3. Patriots Defensive Front Confuses Giants O-Line, QB Daniel Jones
The Pats defense also won the day in the first joint practice session. Starting quarterback Daniel Jones had more scrambles (three) than completions of ten-plus yards in the air (two), while New England’s pass-rush was extremely effective. On several occasions, Jones was forced off his spot by unblocked blitzers, as the Giants struggled all morning to pick up multiple pressure looks by the Patriots. I counted at least four free runs at the QB for Dont’a Hightower (two), Kyle Van Noy, and Chase Winovich. At times, it felt like the Giants’ linemen had no idea where the Pats’ rushers were coming from, which was probably a beautiful sight to head coach Bill Belichick. Belichick’s defenses are at their best when they’re confusing the opposition, and Jones struggled to read downfield coverage while the O-Line couldn’t find the pass rushers.
4. WR Gunner Olszewski, OT Yodny Cajuste Take Advantage of Injuries
Another notable development in Wednesday’s practice was an increased workload for Olszewski and Cajuste. With N’Keal Harry’s absence and Nelson Agholor’s early departure, the Patriots turned to Olszewski to work with the starting offense. He caught two passes from Jones in 11-on-11s, including a touchdown near the goal line on the Pats’ juke series (in-cut). Olszewski’s separation skills at the top of routes are improving, and Jones is working efficiently with him on those option-style patterns. As for Cajuste, starting left tackle Isaiah Wynn left practice early, which opened the door for the third-year tackle to rep with the starting O-Line. Cajuste is making a strong impression in joint practices and last Thursday night’s preseason victory over the Eagles. There’s good reason now to think Cajuste will make the 53-man roster.

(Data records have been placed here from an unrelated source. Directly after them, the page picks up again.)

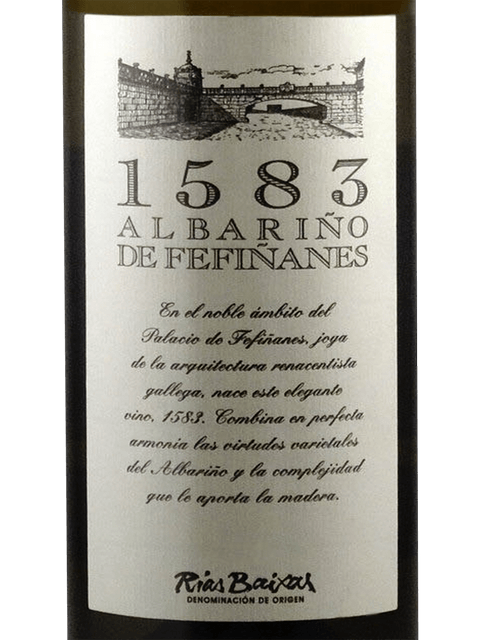 Fefinanes, Orujo de Liqueur
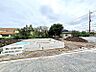 外観：現在建築中の現場で工事進行中です。現地写真（2026年9月28日撮影）をご覧ください。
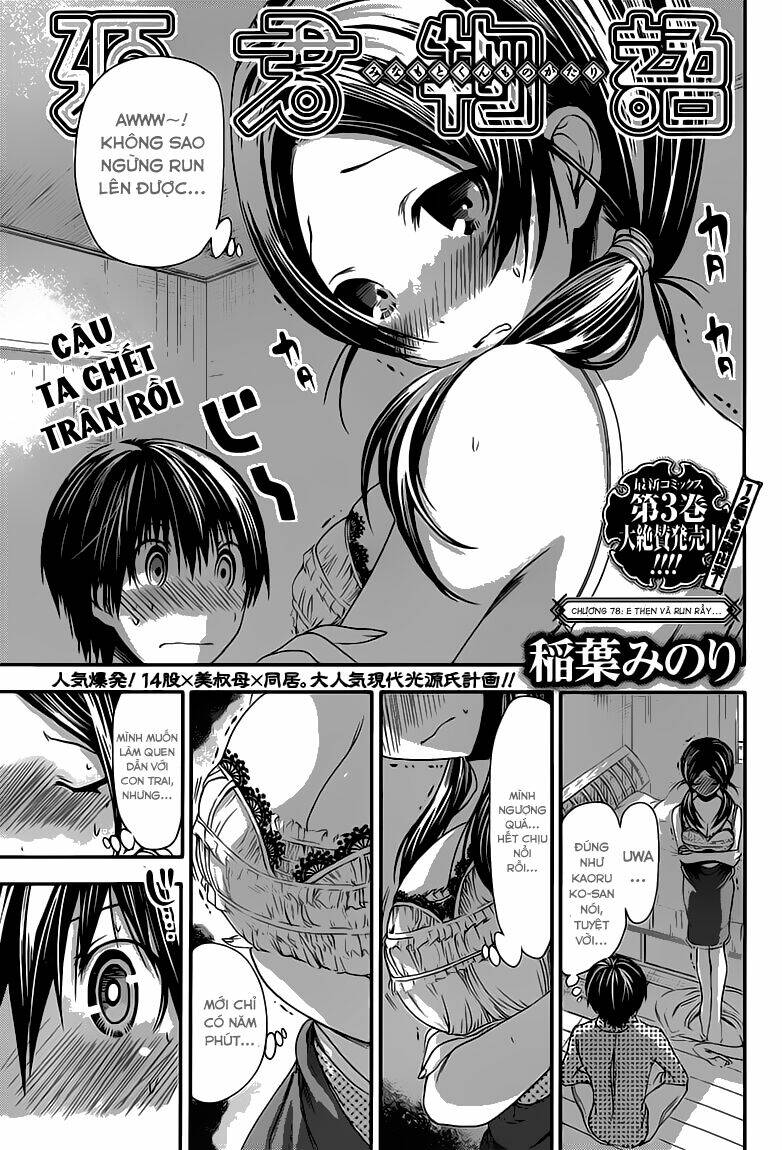 Minamoto-Kun Monogatari Chapter 78 - Trang 2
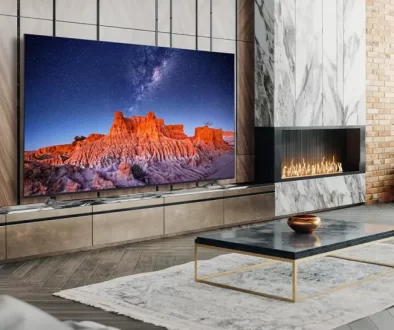 LG televize
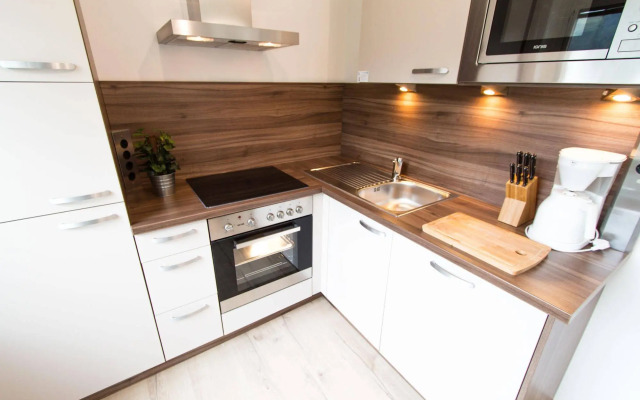 CheckVienna Apartment Veitingergasse II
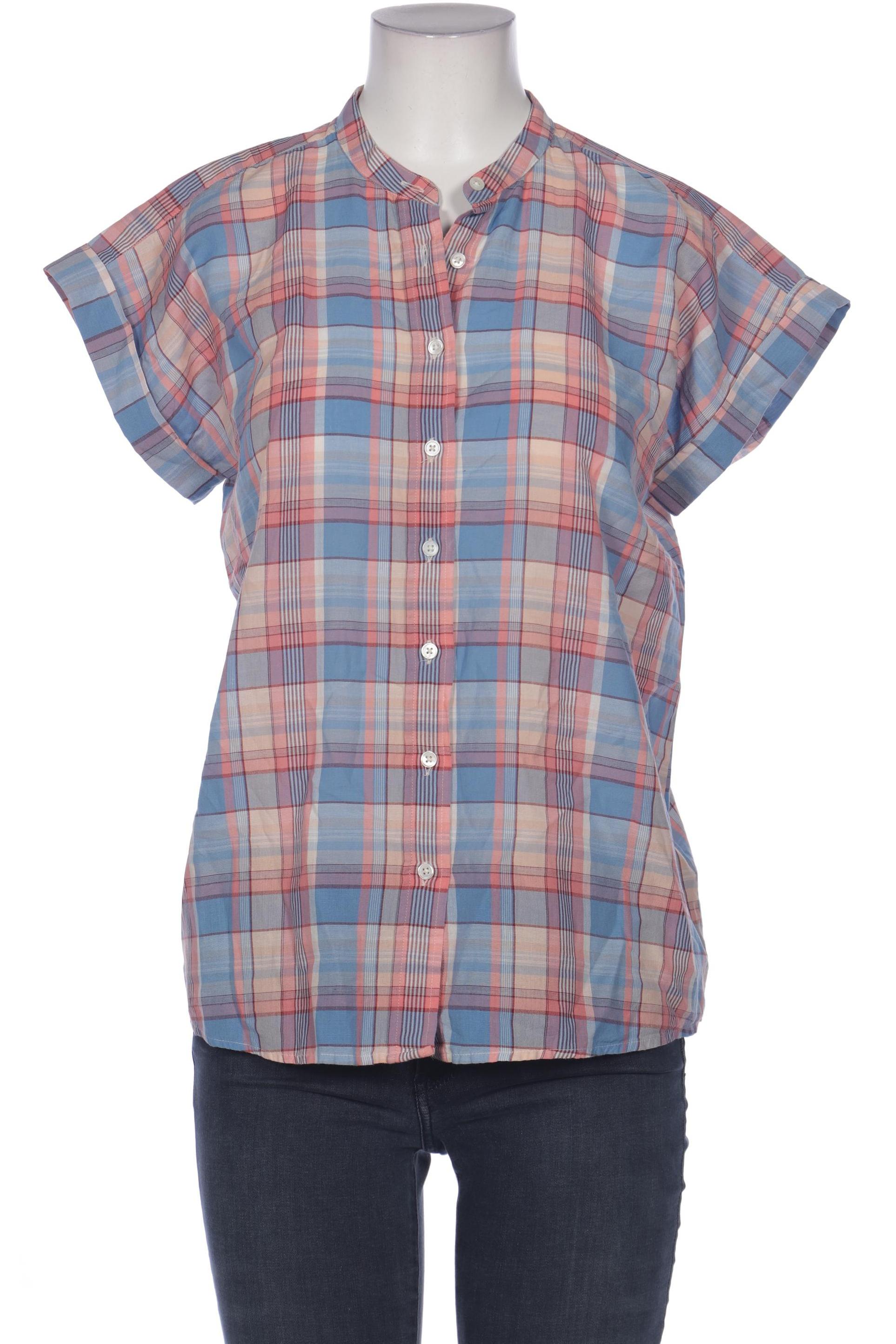 

Gant Damen Bluse, blau, Gr. 38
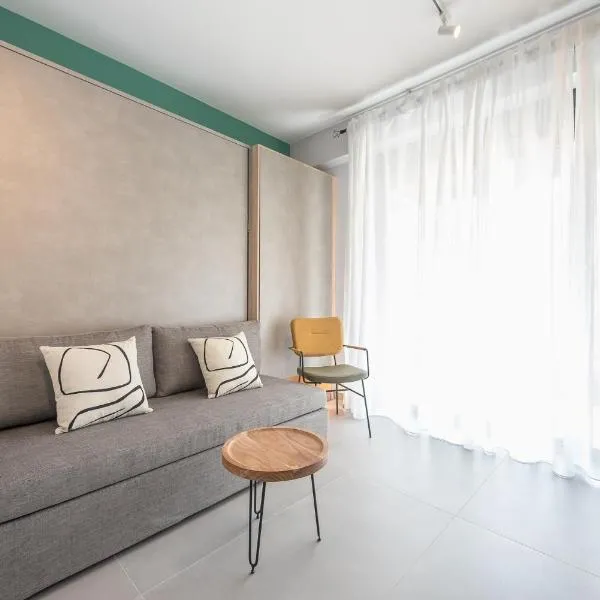 Stylish Urban Suites, Hotel in Athen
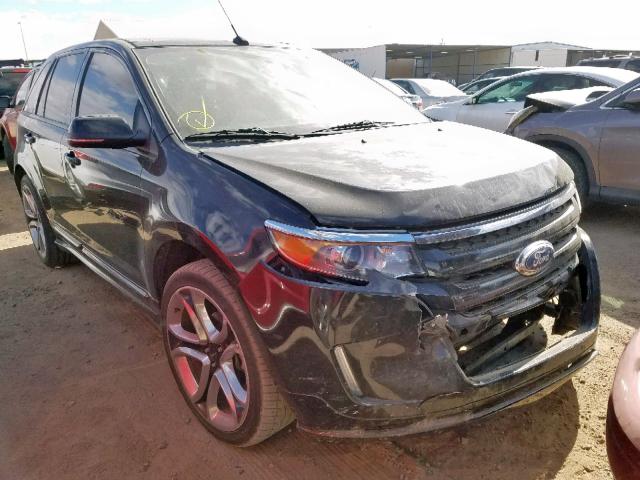 FORD EDGE SPORT 2013 2fmdk4ak9dbc67169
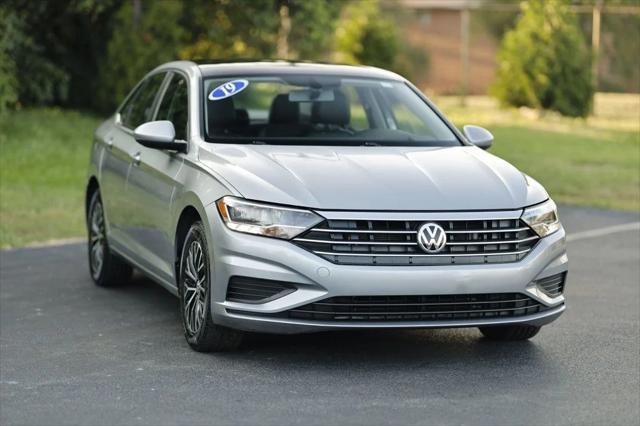 used 2019 Volkswagen Jetta car, priced at $13,980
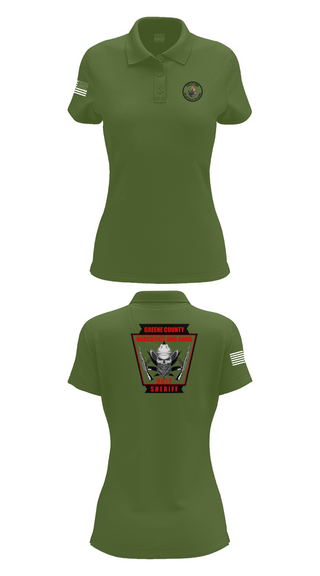 Womens Short Sleeve Performance Polo, SNAG, , Teamtime, Team time, sublimation, custom sports apparel, team uniforms, spirit wear, spiritwear, sports uniforms, custom shirts, team store, custom team store, fundraiser sports, apparel fundraiser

5. WR Jakobi Meyers Stays Hot With Another Strong Practice
After catching six of seven targets in Tuesday’s practice, Meyers caught four more balls against the Giants defense and drew a defensive holding penalty. Meyers’s quickness and intelligence running routes are his hallmarks, but he’s flashing excellent high-point skills down the field this summer. The Pats wideout has strong hands at the catch point, making fighting through contact and elevating above the defense look natural.
6. DL Christian Barmore, LB Chase Winovich Have Dominant 1-on-1 Reps
The Patriots’ offensive line found themselves in a legitimate scrap with the Giants’ pass rushers on one side of the field after a fight broke out and caused a giant pile-up. But on the other side of the field, rookie Christian Barmore dusted the Giants’ interior line with inside counters, while Chase Winovich’s speed rush was too much for New York’s tackles. Both Barmore and Winovich shine when they’re rushing the passer.